Exercise brief ▸ Your job with the data below is to output exactly the lines from the one holding "游戏产业的问题与发展对策" down to the one holding "ГАЛЛЮЦИНОГЕННЫЕ ГРИБЫ Кандалакша", both included, and no others.

Stored data ▸
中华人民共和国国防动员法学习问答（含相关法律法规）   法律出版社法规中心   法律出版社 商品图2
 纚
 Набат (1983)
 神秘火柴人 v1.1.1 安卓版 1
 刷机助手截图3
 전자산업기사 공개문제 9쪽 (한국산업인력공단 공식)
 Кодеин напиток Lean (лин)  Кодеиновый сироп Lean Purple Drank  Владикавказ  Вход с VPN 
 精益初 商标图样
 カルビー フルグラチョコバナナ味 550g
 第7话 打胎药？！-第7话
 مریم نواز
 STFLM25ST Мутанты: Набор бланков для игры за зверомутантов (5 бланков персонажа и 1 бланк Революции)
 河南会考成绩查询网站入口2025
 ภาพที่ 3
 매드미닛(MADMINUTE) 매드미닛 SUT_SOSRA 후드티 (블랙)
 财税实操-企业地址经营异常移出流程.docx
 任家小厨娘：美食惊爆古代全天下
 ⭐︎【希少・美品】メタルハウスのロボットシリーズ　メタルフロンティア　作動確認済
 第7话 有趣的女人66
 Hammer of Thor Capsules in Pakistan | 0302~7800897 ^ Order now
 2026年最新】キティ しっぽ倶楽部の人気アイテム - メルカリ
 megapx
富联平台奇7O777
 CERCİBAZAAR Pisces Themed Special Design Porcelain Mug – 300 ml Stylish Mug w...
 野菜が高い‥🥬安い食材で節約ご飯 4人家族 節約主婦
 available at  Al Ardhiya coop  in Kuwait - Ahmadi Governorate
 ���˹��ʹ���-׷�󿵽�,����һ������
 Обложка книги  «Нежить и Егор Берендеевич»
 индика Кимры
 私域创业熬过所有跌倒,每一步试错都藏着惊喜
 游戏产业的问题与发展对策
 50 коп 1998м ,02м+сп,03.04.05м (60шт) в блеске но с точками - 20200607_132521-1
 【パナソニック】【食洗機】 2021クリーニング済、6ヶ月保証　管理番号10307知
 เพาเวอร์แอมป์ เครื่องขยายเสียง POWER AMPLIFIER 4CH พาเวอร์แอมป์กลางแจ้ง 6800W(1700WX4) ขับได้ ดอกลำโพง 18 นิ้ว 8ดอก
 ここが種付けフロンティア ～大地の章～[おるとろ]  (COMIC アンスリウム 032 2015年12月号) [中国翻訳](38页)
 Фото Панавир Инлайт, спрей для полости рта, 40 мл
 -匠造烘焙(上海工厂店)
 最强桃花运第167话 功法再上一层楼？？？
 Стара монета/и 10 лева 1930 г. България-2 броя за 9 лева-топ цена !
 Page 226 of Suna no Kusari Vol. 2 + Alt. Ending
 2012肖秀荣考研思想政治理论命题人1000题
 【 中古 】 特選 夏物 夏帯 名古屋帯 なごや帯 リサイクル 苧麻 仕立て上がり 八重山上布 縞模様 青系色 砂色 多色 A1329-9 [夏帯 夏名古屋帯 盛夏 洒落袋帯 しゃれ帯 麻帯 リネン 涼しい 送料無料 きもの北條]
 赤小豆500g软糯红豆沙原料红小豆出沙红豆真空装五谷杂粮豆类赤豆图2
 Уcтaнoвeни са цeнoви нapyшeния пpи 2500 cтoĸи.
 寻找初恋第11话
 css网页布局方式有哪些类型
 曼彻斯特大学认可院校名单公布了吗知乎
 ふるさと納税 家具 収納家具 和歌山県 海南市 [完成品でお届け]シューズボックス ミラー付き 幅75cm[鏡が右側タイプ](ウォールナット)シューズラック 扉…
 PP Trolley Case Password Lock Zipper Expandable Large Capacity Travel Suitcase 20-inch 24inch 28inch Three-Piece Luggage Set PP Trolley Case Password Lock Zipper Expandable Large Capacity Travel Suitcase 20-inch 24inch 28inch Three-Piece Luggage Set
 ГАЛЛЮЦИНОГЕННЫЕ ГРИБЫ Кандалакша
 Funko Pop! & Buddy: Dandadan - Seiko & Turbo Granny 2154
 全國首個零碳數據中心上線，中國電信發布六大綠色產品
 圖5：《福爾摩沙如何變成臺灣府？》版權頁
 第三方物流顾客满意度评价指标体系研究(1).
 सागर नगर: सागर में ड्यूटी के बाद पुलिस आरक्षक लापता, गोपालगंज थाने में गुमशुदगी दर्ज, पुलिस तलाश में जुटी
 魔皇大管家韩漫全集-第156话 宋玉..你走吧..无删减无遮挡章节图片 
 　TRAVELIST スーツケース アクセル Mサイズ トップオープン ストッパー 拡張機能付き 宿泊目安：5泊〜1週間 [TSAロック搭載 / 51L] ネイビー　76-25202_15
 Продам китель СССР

Solution for this exercise ▸
 游戏产业的问题与发展对策
 50 коп 1998м ,02м+сп,03.04.05м (60шт) в блеске но с точками - 20200607_132521-1
 【パナソニック】【食洗機】 2021クリーニング済、6ヶ月保証　管理番号10307知
 เพาเวอร์แอมป์ เครื่องขยายเสียง POWER AMPLIFIER 4CH พาเวอร์แอมป์กลางแจ้ง 6800W(1700WX4) ขับได้ ดอกลำโพง 18 นิ้ว 8ดอก
 ここが種付けフロンティア ～大地の章～[おるとろ]  (COMIC アンスリウム 032 2015年12月号) [中国翻訳](38页)
 Фото Панавир Инлайт, спрей для полости рта, 40 мл
 -匠造烘焙(上海工厂店)
 最强桃花运第167话 功法再上一层楼？？？
 Стара монета/и 10 лева 1930 г. България-2 броя за 9 лева-топ цена !
 Page 226 of Suna no Kusari Vol. 2 + Alt. Ending
 2012肖秀荣考研思想政治理论命题人1000题
 【 中古 】 特選 夏物 夏帯 名古屋帯 なごや帯 リサイクル 苧麻 仕立て上がり 八重山上布 縞模様 青系色 砂色 多色 A1329-9 [夏帯 夏名古屋帯 盛夏 洒落袋帯 しゃれ帯 麻帯 リネン 涼しい 送料無料 きもの北條]
 赤小豆500g软糯红豆沙原料红小豆出沙红豆真空装五谷杂粮豆类赤豆图2
 Уcтaнoвeни са цeнoви нapyшeния пpи 2500 cтoĸи.
 寻找初恋第11话
 css网页布局方式有哪些类型
 曼彻斯特大学认可院校名单公布了吗知乎
 ふるさと納税 家具 収納家具 和歌山県 海南市 [完成品でお届け]シューズボックス ミラー付き 幅75cm[鏡が右側タイプ](ウォールナット)シューズラック 扉…
 PP Trolley Case Password Lock Zipper Expandable Large Capacity Travel Suitcase 20-inch 24inch 28inch Three-Piece Luggage Set PP Trolley Case Password Lock Zipper Expandable Large Capacity Travel Suitcase 20-inch 24inch 28inch Three-Piece Luggage Set
 ГАЛЛЮЦИНОГЕННЫЕ ГРИБЫ Кандалакша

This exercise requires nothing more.